On the second and the third issue, the Court stated that the period of iddat is to commence from the date of pronouncement of talaq and not from the day of delivery of notice to the Chairman as the talaq takes effect from the date of pronouncement of talaq by the husband.
In view of the aforementioned, the Court declared that section 7 of the Muslim Family Laws Ordinance, 1961 as a whole cannot be declared violative of the injunctions of Islam. However, the provisions contained in sub-sections (3) and (5) of the said section 7 cannot be maintained.
The President of Islamic Republic of Pakistan was directed to amend the law so as to bring it in conformity with the injunctions of Islam and the aforesaid provisions of law were to cease to have effect on 31st day of March, 2000.
With respect to issue no. 4, the following pronouncements have been made by the Apex Court:
“In view of the provisions of section 7(3) of the Ordinance talaq would become effective only after notice of talaq is given to the Chairman and the period of three months provided for bringing out a reconciliation between the parties has expired. Where the husband does not give the notice of talaq to the Chairman, it can be deemed that he has revoked the talaq.”
PLD 1963 SC 51
Nevertheless, the Hon’ble Supreme Court has made a very significant and important statement in the above case with respect to section 7 in the following words:
“Whether the result achieved is in strict conformity with Islamic Law is a question which does not fall within the province of this Court by reason of articles 5 and 6 of the Constitution”

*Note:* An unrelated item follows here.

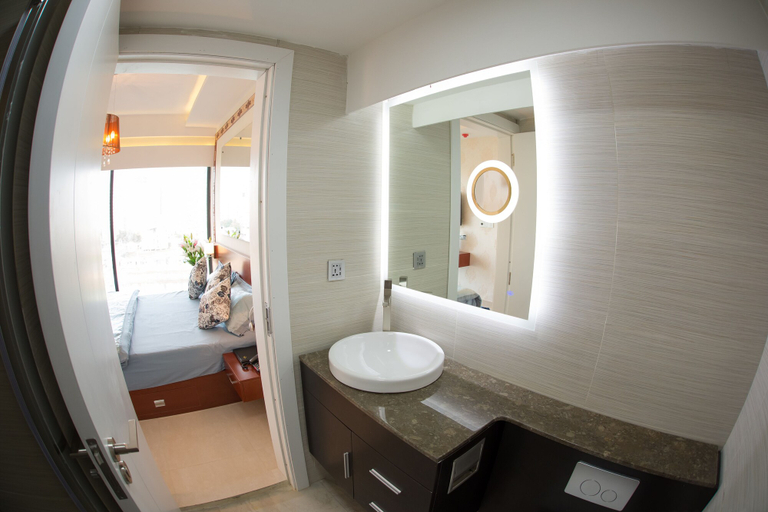 Bathroom 5, Coventina Lake Suites, Dhaka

“The learned counsel for the petitioner concedes that no notice of the alleged divorce was given to the Chairman as required by section 7(1) of the Muslim Family Laws Ordinance. That being so the alleged divorce, in view of the express provision of the sub-section (3) of section 7 of the said Ordinance, is yet to become effective”
1970 SCMR 845
The above stated view in PLD 1963 SC 51 and 1970 SCMR 845 was supported in 1984 SCMR 583 and NLR 1987 SCJ 239.
Now, the position which emerges is that according to the Supreme Court talaq in any mode whatsoever, does not take effect unless a notice is delivered to the Chairman. On the other hand, the Federal Shariat Court directly saying nothing about the service of notice to the Chairman, however, holding that the period of iddat should run from the pronouncement of talaq rather than the delivery of notice and this period is to be calculated strictly in accordance with the rules of Islamic Law. There is an inherent contradiction between the verdicts of the two respectable Courts because if the period of iddat is to run from the pronouncement of talaq and is to be calculated in accordance with the Islamic Law then the talaq would become effective on the expiry of such Islamic period of iddat and not from the delivery of notice. In other words, the requirement of notice to the Chairman in order for the talaq to be effective has been done away by the Hon’ble Shariat Court.
I would like to end this discourse with a judgment of the Hon’ble Supreme Court of Pakistan wherein the addition of Chapter 3-A in the Constitution of Islamic Republic of Pakistan was taken into consideration and on conjunctive reading of Articles 203-A to 203-J it was held as under:
“These provisions when read together would mean that findings of the Federal Shariat Court, if the same is either not challenged in the Sharaiat Appellate Bench of the Supreme Court or challenged, but maintained, would be binding even on the Supreme Court.”